In conclusion, the importance of nanosize for anti-virulence and antibiofilm applications lies in its ability to influence surface interactions, penetration, and resistance prevention. Harnessing these properties through controlling size in the nano-range offers promising solutions to combat virulence and biofilm-related hurdles.

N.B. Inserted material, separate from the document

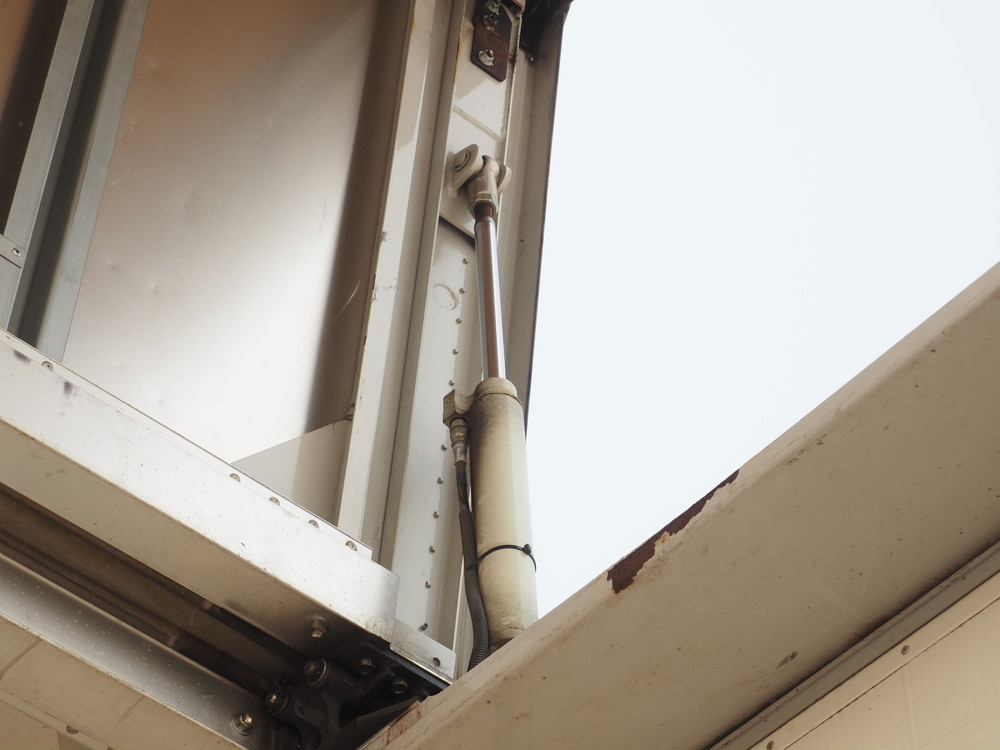 日野 プロフィア ウイング車 大型 QKG-FW1EXBG 年式 H25[写真17]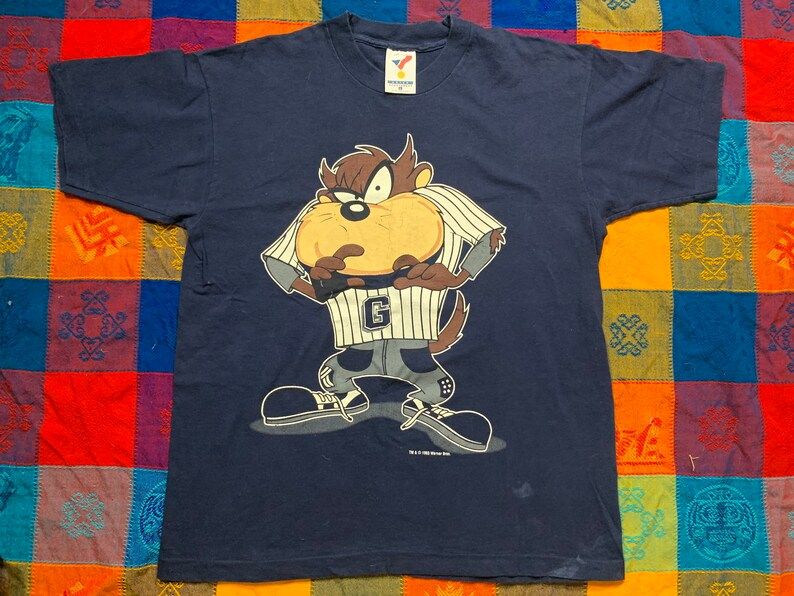 Vintage 90S 1993 Taz Looney Tunes Cartoon Georgetown University Baseball Athletic Sportswear Arge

The zeta potential of nanoparticles, reflecting their surface charge, plays a pivotal role in drug delivery systems, influencing critical aspects such as stability and immune recognition. Nanoparticles with a high absolute zeta potential exhibit increased electrostatic repulsion, preventing aggregation and ensuring the stability of colloidal suspensions [78]. Nevertheless, nanoformulation can exhibit stability even when possessing a low zeta potential. This is due to the presence of additional variables, such as steric stabilization, which can also contribute to the stability of the dispersion [79].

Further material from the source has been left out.